----- Record extracts

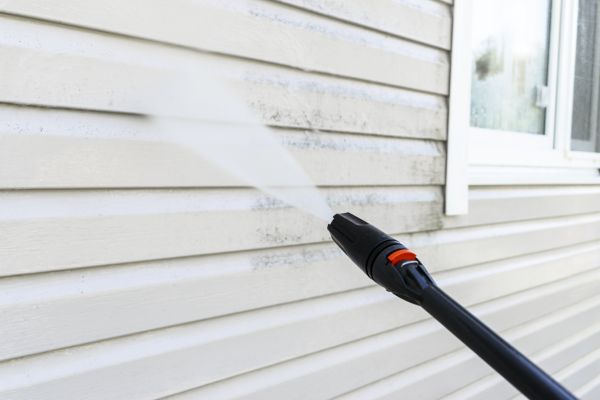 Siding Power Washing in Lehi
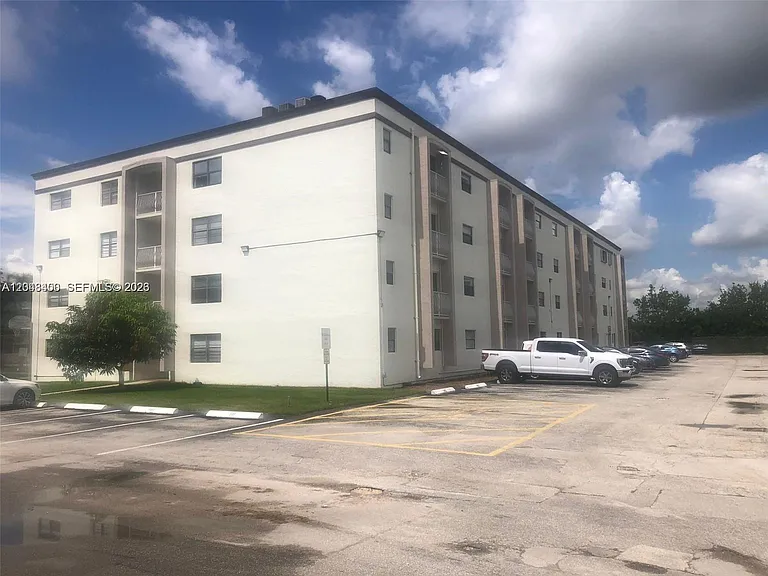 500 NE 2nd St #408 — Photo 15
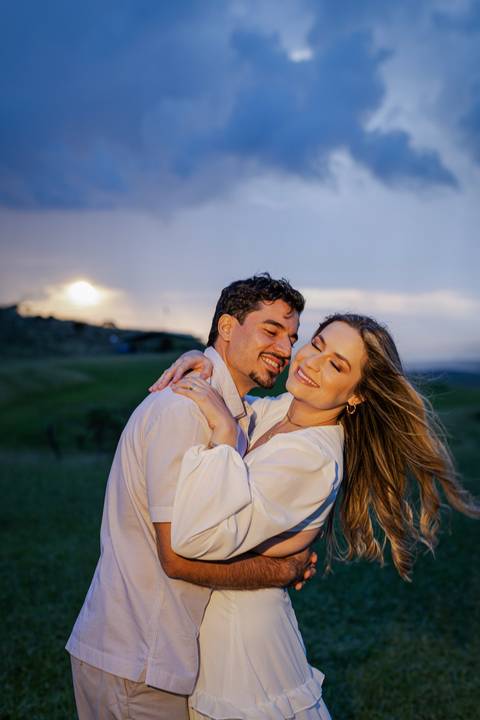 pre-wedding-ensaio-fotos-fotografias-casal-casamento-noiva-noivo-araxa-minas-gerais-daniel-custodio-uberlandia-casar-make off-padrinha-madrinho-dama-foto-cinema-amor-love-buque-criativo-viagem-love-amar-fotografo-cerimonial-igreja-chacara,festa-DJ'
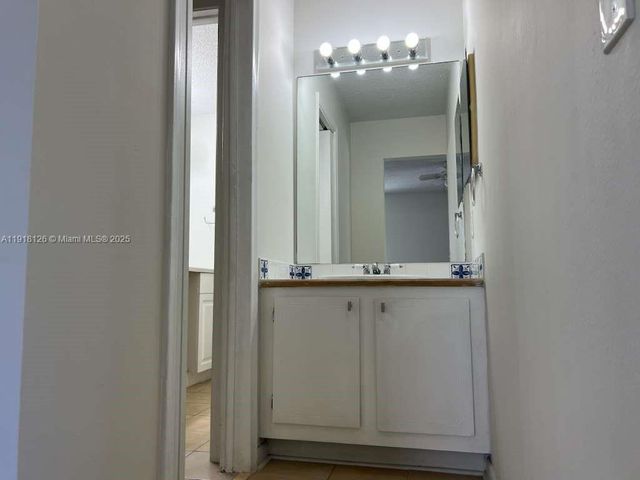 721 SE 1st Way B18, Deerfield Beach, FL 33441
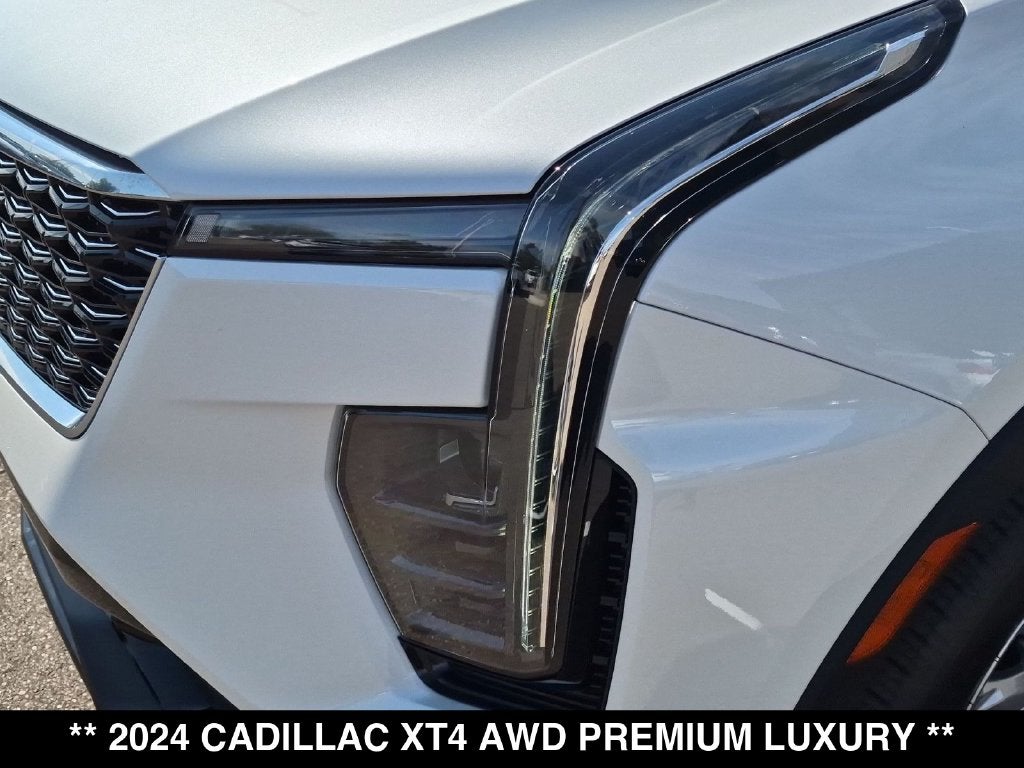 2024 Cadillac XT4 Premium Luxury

----------

> _Your task_: Word for word, restate all of the material above except its pictures.

> _Answer to this exercise_:
 Siding Power Washing in Lehi
 500 NE 2nd St #408 — Photo 15
 pre-wedding-ensaio-fotos-fotografias-casal-casamento-noiva-noivo-araxa-minas-gerais-daniel-custodio-uberlandia-casar-make off-padrinha-madrinho-dama-foto-cinema-amor-love-buque-criativo-viagem-love-amar-fotografo-cerimonial-igreja-chacara,festa-DJ'
 721 SE 1st Way B18, Deerfield Beach, FL 33441
 2024 Cadillac XT4 Premium Luxury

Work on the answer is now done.